**ASSIGNMENT:** Repeat verbatim what the listing holds, but not its pictures.
** DATA SEGMENT follows **
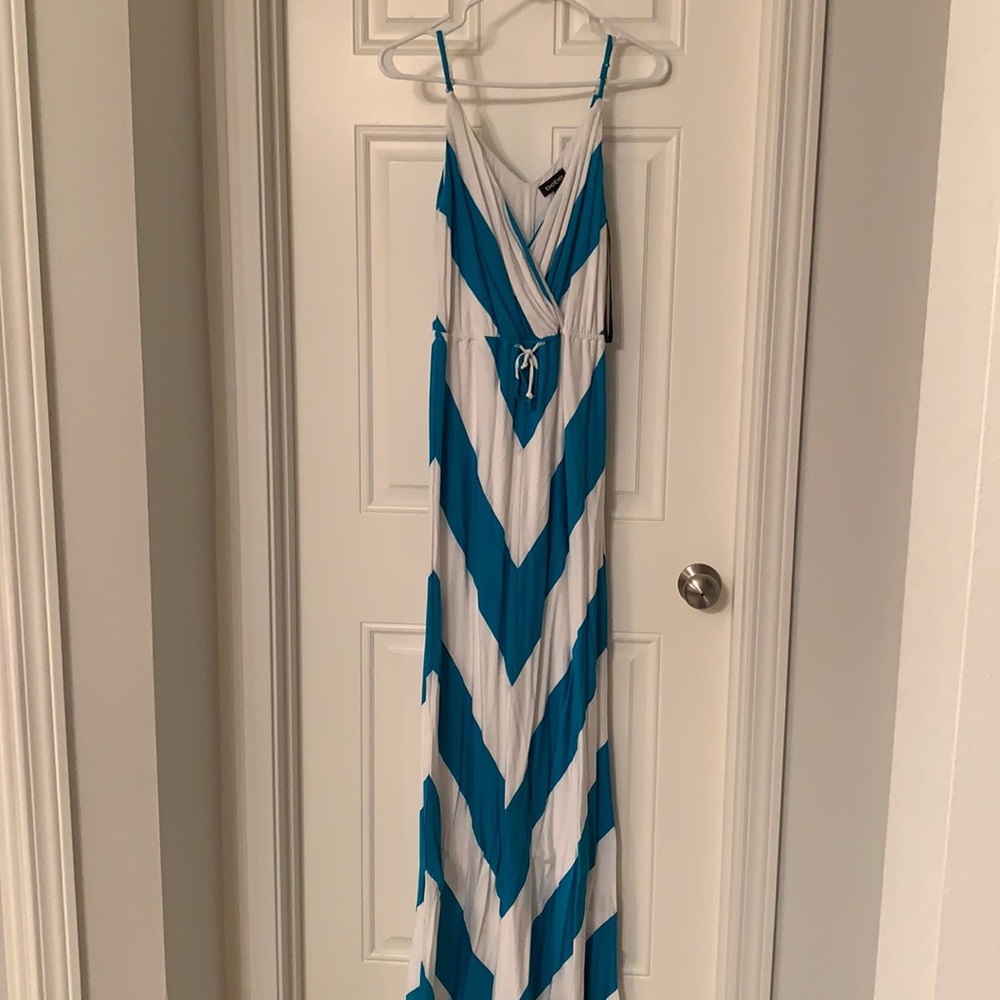 Bebe Maxi Dress Size Medium Blue & White Chevron Stripes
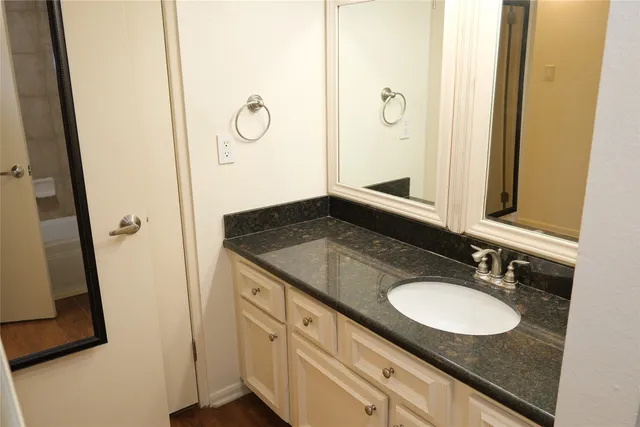 $1,490 | 2001 Bering Drive, Unit 2F, Houston, TX 77057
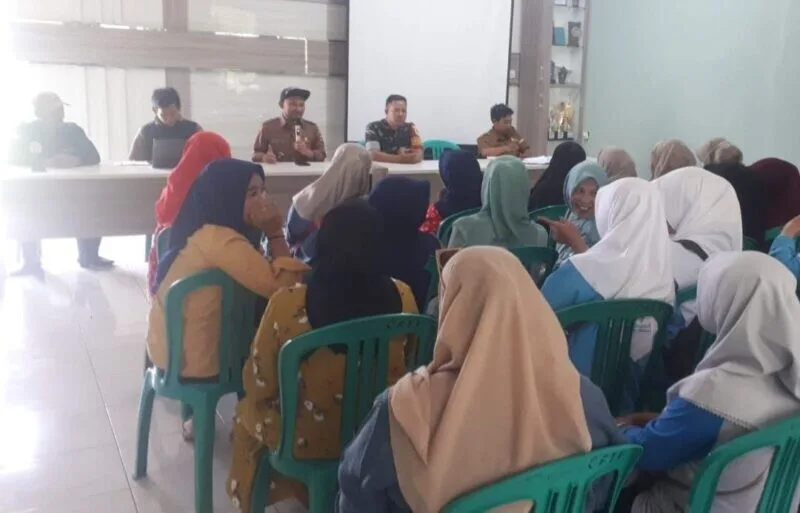 Babinsa Koramil 2205/Kalapanunggal Dampingi Pemilihan Ketua Rt Di Desa Pulosari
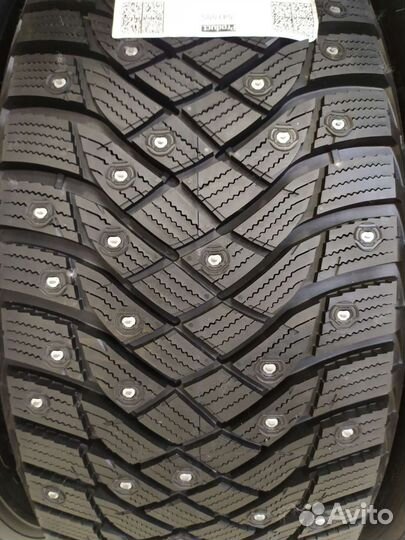 Goodyear UltraGrip Arctic 2 245/45 R18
** End of DATA SEGMENT **
**ANSWER BELOW:**
 Bebe Maxi Dress Size Medium Blue & White Chevron Stripes
 $1,490 | 2001 Bering Drive, Unit 2F, Houston, TX 77057
 Babinsa Koramil 2205/Kalapanunggal Dampingi Pemilihan Ketua Rt Di Desa Pulosari
 Goodyear UltraGrip Arctic 2 245/45 R18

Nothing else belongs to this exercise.